Work required: Transcribe only the lines between the first line of the records and the line containing "18 799 р. Защита", inclusive, exactly as written.
[[ Input data open ]]
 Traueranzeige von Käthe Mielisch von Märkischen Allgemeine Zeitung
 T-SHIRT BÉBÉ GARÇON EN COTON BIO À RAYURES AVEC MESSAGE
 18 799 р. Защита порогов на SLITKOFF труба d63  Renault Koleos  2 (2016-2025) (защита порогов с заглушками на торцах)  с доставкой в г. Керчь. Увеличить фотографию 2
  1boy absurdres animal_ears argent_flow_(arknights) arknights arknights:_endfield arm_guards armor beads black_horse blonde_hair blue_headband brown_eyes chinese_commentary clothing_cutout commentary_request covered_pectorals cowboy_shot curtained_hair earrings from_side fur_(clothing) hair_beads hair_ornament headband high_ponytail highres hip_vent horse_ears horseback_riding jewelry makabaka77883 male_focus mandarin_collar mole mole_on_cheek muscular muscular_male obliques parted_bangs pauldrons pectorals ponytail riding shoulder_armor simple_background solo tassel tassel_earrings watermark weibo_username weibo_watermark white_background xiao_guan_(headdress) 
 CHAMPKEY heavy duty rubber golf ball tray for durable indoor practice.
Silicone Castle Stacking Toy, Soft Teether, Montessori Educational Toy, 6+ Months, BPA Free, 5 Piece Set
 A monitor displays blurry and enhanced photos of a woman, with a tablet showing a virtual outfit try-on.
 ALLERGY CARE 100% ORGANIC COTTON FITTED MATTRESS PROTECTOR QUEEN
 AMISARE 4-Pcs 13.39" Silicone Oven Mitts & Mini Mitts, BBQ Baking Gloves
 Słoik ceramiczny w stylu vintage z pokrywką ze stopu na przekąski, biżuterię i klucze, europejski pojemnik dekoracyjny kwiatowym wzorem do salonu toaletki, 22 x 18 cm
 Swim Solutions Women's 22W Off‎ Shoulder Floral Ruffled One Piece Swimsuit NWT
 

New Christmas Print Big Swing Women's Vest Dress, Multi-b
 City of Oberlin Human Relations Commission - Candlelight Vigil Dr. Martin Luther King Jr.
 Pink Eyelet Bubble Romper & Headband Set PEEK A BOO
[[ Input data closed ]]
Answer section:
 Traueranzeige von Käthe Mielisch von Märkischen Allgemeine Zeitung
 T-SHIRT BÉBÉ GARÇON EN COTON BIO À RAYURES AVEC MESSAGE
 18 799 р. Защита порогов на SLITKOFF труба d63  Renault Koleos  2 (2016-2025) (защита порогов с заглушками на торцах)  с доставкой в г. Керчь. Увеличить фотографию 2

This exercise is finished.